# Holes in my Grass and beds



## captstoots (Apr 12, 2019)

Finding these holes in my yard and mulched. Beds. They seem too small for moles and there's no lumps in the yard. Any ideas? I am in Virginia Beach if it matters.. thanks!


----------



## FlaDave (Jul 10, 2018)

I'm thinking armadillo


----------



## HungrySoutherner (May 29, 2018)

rabbits, chipmunks....pick your favorite furry woodland creature.


----------



## captstoots (Apr 12, 2019)

Anything I can do to stop them or kill them. They seem much too small for a rabbit, I guess maybe a chipmunk?


----------



## wafflesngravy (Apr 8, 2019)

I only know 2 ways that work. My father sticks a hose on the end of his riding lawn mower and gases em out, my neighbor sits on his porch with a shot gun waiting for them to pop up.


----------



## RDZed (Jul 13, 2018)

Are you near a body of water? Pond? Lake? River? If so, its probably a turtle. I get dozens of them around the yard in summer. Usually a clutch of 4-8 eggs per.


----------



## captstoots (Apr 12, 2019)

I am near the Chesapeake Bay, on a creek where there are tons of turtles. I have never seen one other than in the water however...


----------



## HungrySoutherner (May 29, 2018)

Chipmunks do that in my lawn, acorns and pecans fall from the trees and get burried or they bury them and then later they start digging them up.


----------



## RDZed (Jul 13, 2018)

captstoots said:


> I am near the Chesapeake Bay, on a creek where there are tons of turtles. I have never seen one other than in the water however...

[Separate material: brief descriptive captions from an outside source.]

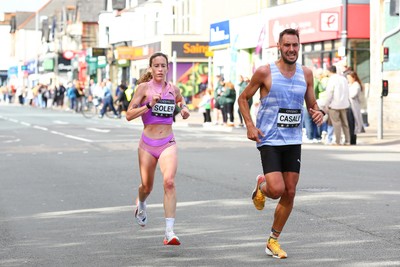 051025 - Oysho Cardiff Half Marathon - The race route passes through Albany Road, Roath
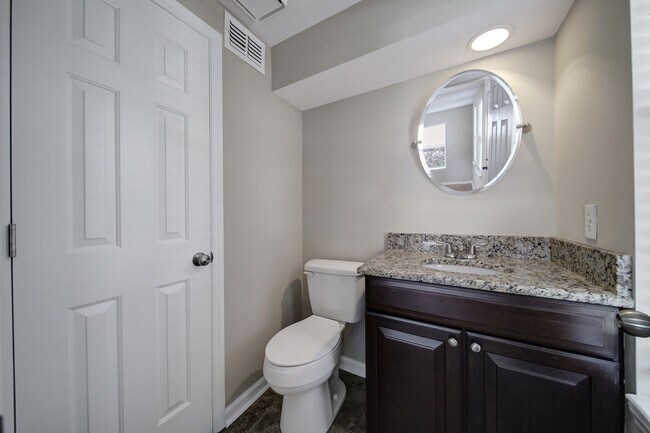 Building Photo - Wonderful Three Bed Two and a Half Bath Ho...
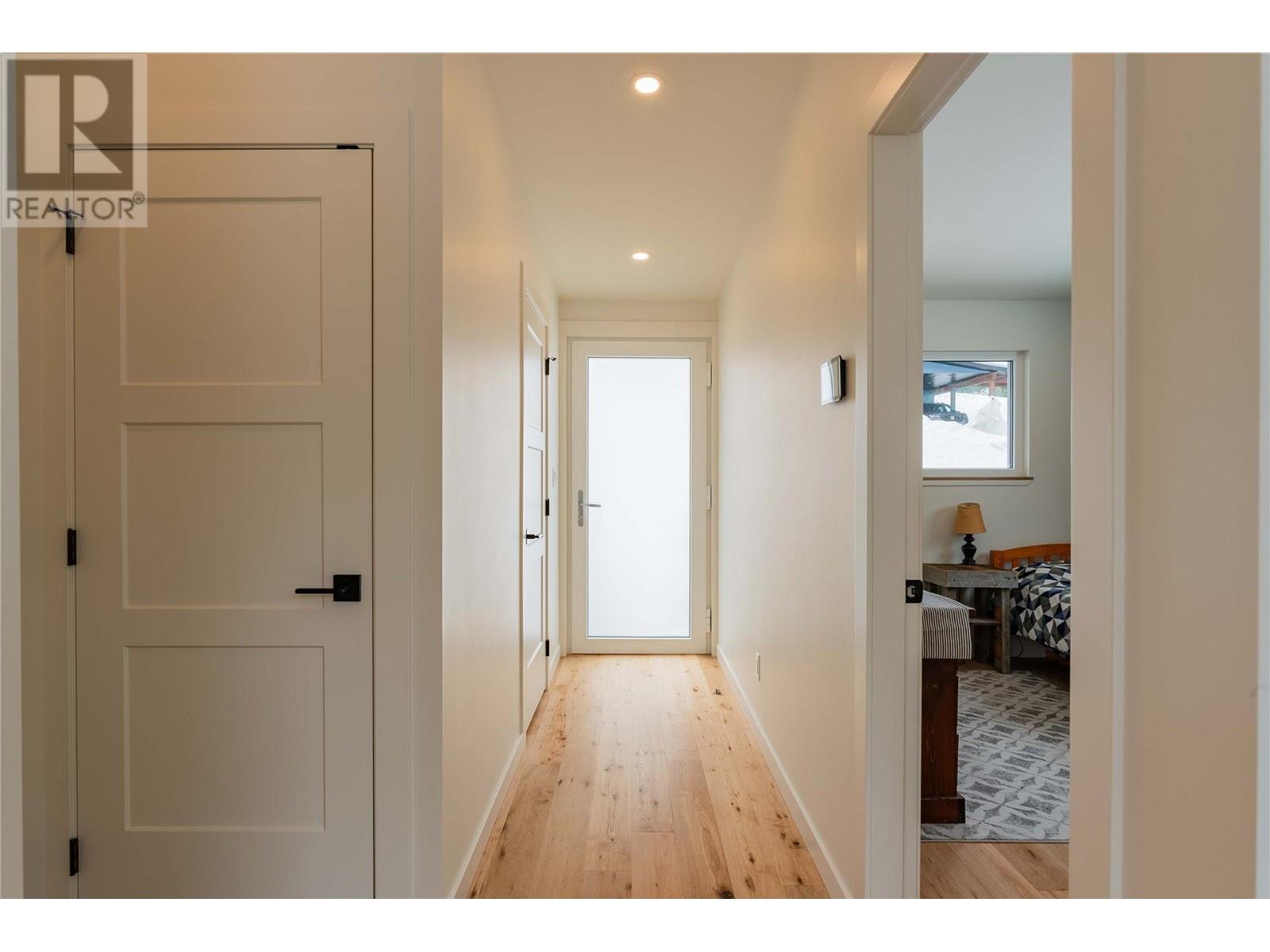 1139 BLACK BEAR Drive, Rossland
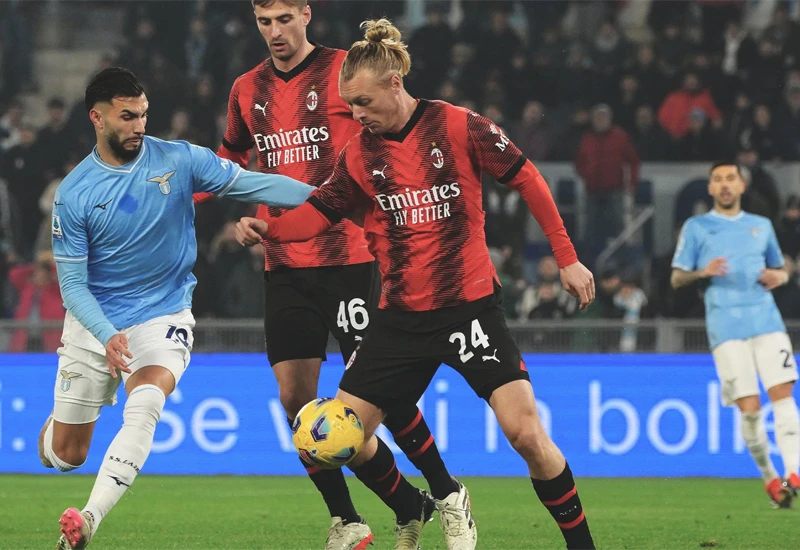 Milan u završnici do pobjede kod Lazija koji je ostao sa osam igrača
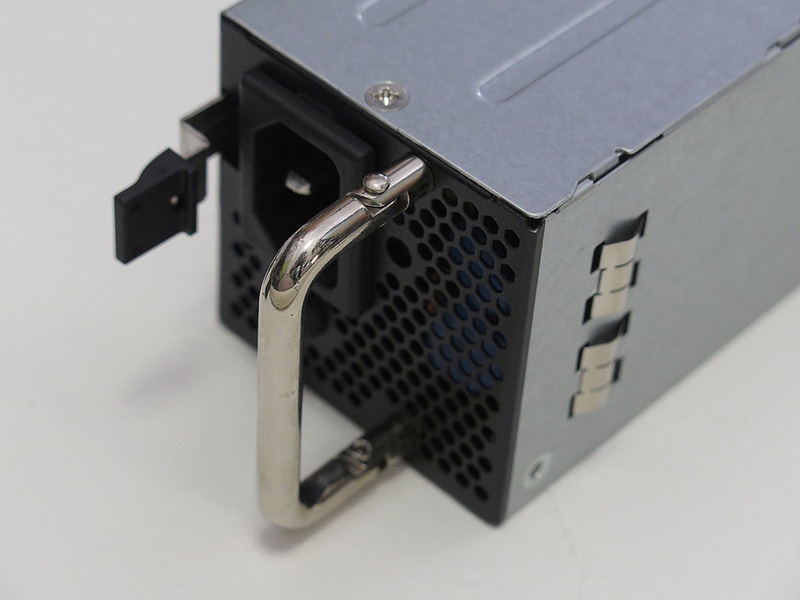 取っ手がついており、難なく取り外し可能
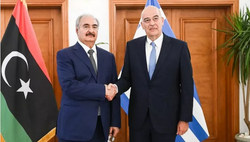 Συνάντηση Δένδια με στρατηγό Χάφταρ στη Βεγγάζη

Just throwing it out there.

I live 40' away from the appomattox river so I get every kind of turtle possible depositing eggs in my yard. Also get predators digging them up a few days later.


----------



## Philly_Gunner (Apr 23, 2019)

Are you seeing lots of frogs or black crickets in your yard right now?


----------



## Dawgvet (Jul 2, 2019)

I would go along with squirrels or chipmunks.


----------



## captstoots (Apr 12, 2019)

Haven't seen frogs or black crickets, or turtles. Tons of squirrels but the hole look too small for them to be the culprit


----------



## ktgrok (May 25, 2019)

agree it looks like armadillo damage


----------